Spanien ist also Fußball-Europameister 2008. Und es gibt keinen Zweifel, dass die Iberer das Turnier verdient gewonnen haben. Luis Aragonés, der fast 70-jährige Fußball-Fuchs, hat eine Reihe junger Individualisten zu einer starken Mannschaft geformt, die durch Kurzpassspiel das deutsche Mittelfeld immer wieder schlecht aussehen ließ. Und bei dem gekonnten Spiel in die Spitze hatte die deutsche Abwehr ein ums andere Mal das Nachsehen.

Deutschland - Spanien 0:1 (Tor durch Torres)

Eigentlich sollte man in Deutschland froh sein, das Endspiel erreicht zu haben. Insgesamt gab es nur wenige Höhepunkte in den Spielen mit deutscher Beteiligung. Lediglich gegen Polen konnte die Mannschaft 60 Minuten lang glänzen. Und auch gegen Portugal gelang es, taktisch diszipliniert und spielerisch gradlinig aufzutreten. In den anderen Spielen überwog Schatten dem Licht. So kann man insgesamt nicht Europameister werden.

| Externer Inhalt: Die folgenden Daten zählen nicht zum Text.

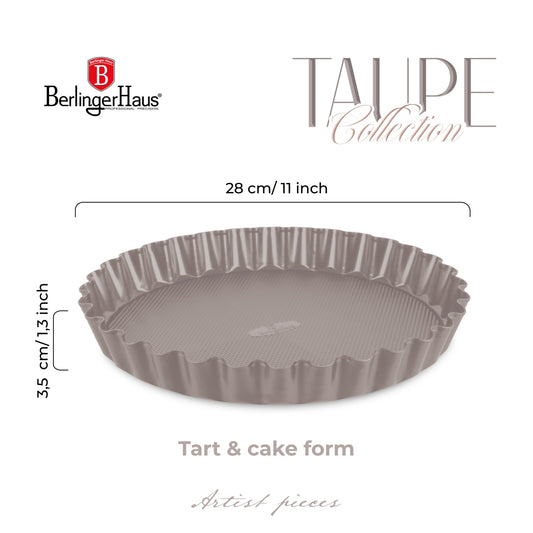 Berlinger Haus 28cm Tart / Cake Form - Taupe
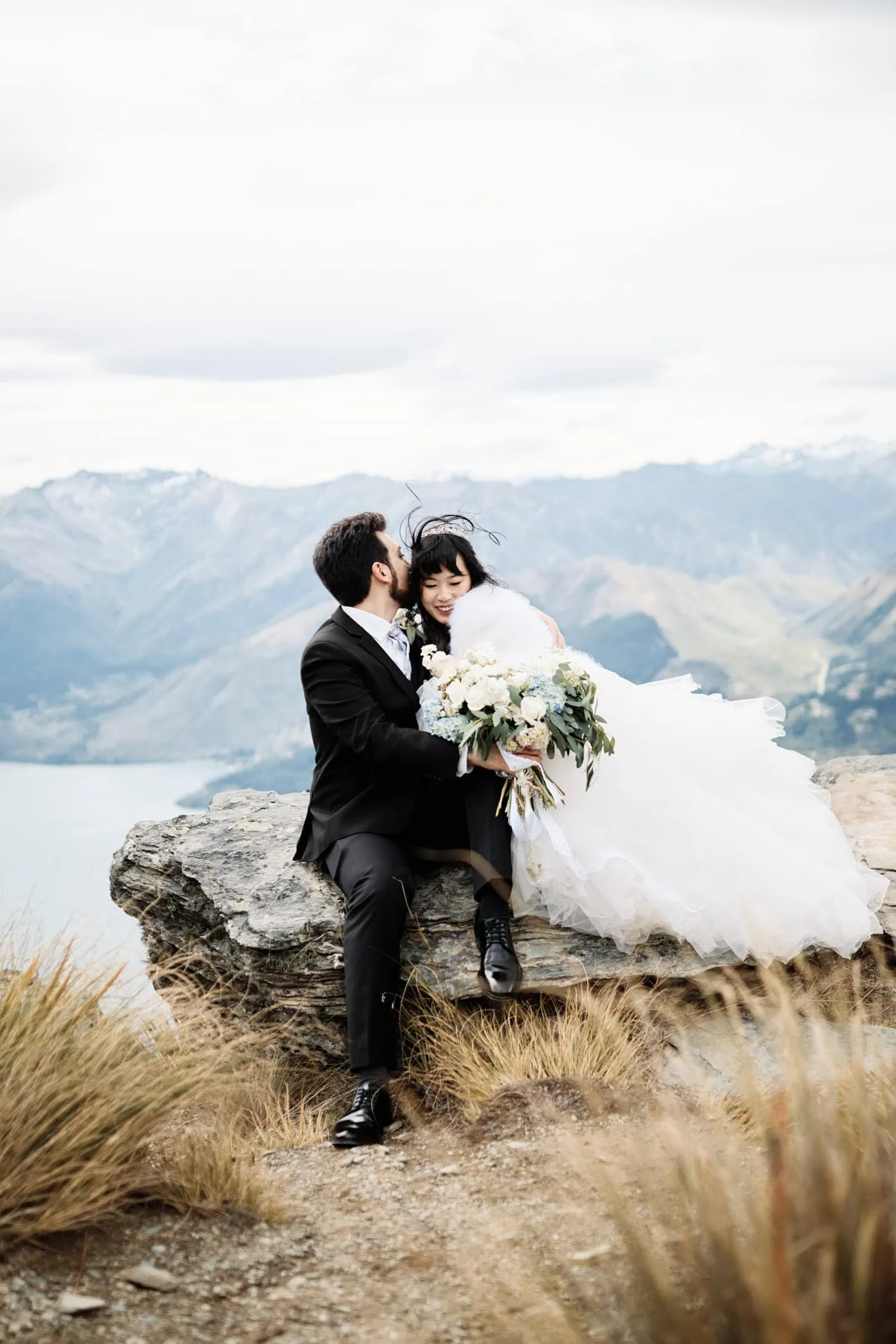 Carlos and Wanzhu - Intimate mountaintop wedding in New Zealand.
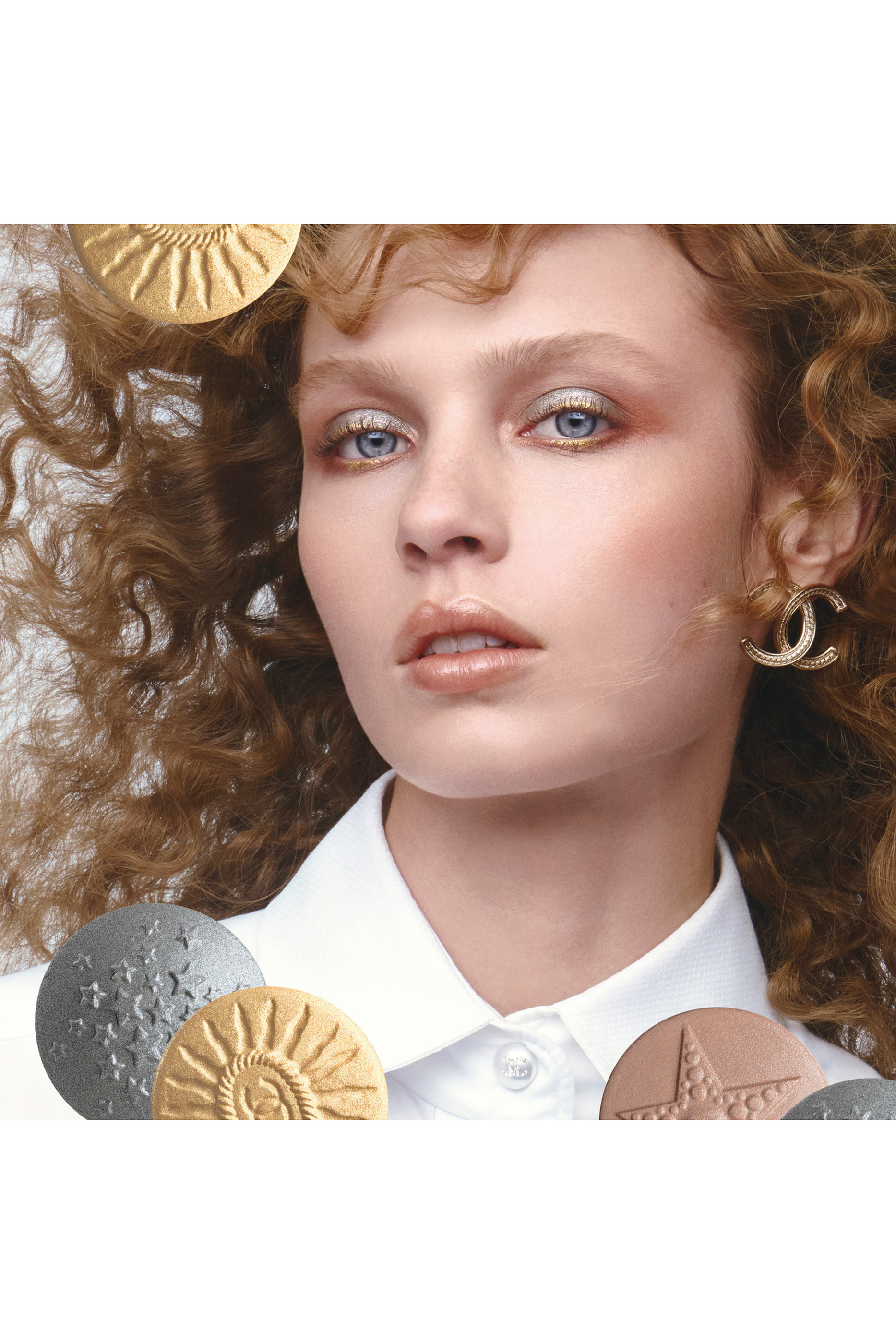 لوحة ظلال عيون Les 4 Ombres Boutons بأربعة ألوان بلمسات نهائية متنوعة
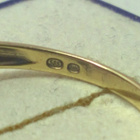 14 k kultainen timanttisormus 0,10 ct, koko 17,2, GHK, 585 - pikkukuva 4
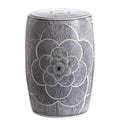 Ceramic Drum Garden Stool Side Table Q60681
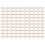 100 st formade gem galvaniserade roséguld 1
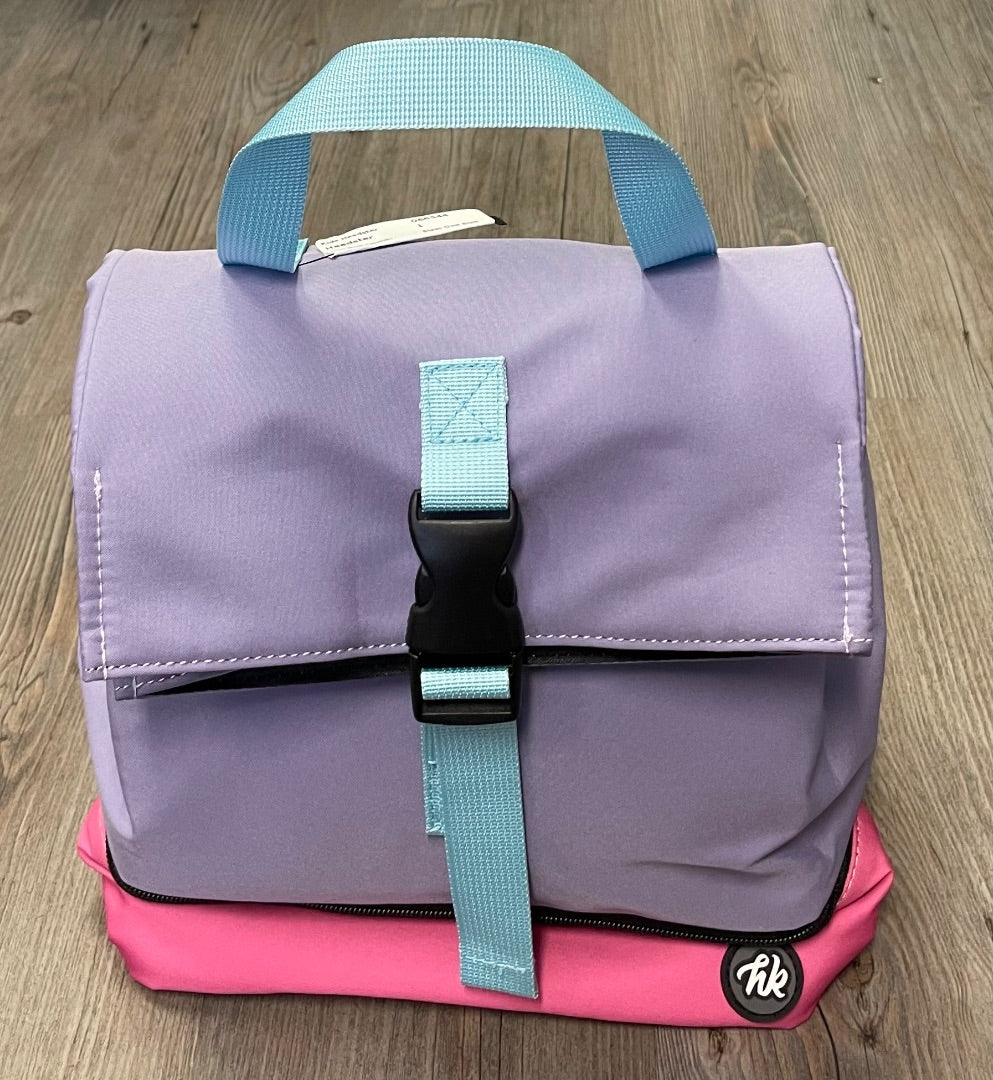 Color Block -Lavander Headster Lunch Bag, One Size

Joachim Löw hat weiterhin viel Arbeit vor sich. In der Qualifikation zur WM 2010 geht es u.a. gegen die Russen, deren junges Team zu den Überraschungsmannschaften bei der EM 2008 gehörte. Löw selbst hat ebenfalls eine junge Mannschaft zusammengeführt, der einige Routiniers zur Seite stehen. Von Letzteren sollte sich aber der eine oder andere Gedanken machen, von der Nationalmannschaft zurückzutreten und ebenfalls jungen Spielern Platz zu machen. An aller erster Stelle denke ich da an Jens Lehmann, der nicht immer glücklich agierte. Souveränität sieht anders aus! Aus Lehmanns Worten ist allerdings zu entnehmen, dass er nicht an Rücktritt denkt:

Jens Lehmann: „Ich bin sehr enttäuscht über den Ausgang des Finales. Es war wohl meine letzte Europameisterschaft. Es kommen jetzt Gedanken auf: vielleicht hätte man etwas besser machen können. Der Konjunktiv ist der Feind des Verlierers, auch wenn wir das Maximum rausgeholt haben. Auf schlechte Spiele folgten gute, aber diesen Rhythmus haben wir diesmal nicht durchhalten können.“

siehe auch zdf.de: Die Sprüche zur EM

Vor dem Finale

Bald hat Partyotismus und Patriotismus wieder ein Ende. Dann werden die Fähnlein nach und nach eingerollt, damit sie im Tageslicht nicht gänzlich verbleichen. Denn nach dem Spiel ist vor dem Spiel. Und nach der EM ist vor der EM. Aber da kommt ja erst noch die WM 2010 in Südafrika. Dann geht der ganze Spuk wieder von vorne los.

Aber noch erwartet uns heute Abend das Finale der Fußball-Europameisterschaft 2008: Deutschland gegen Spanien! Und wenn das Spiel hält, was uns verheißen ist, dann sollte es ein großes Finale werden. Wer da wohl am Ende die Nase vorn hat? Ich meine: Der Bessere soll gewinnen. Wenn das das deutsche Team sein sollte, okay. Wenn die Spanier, dann eben die …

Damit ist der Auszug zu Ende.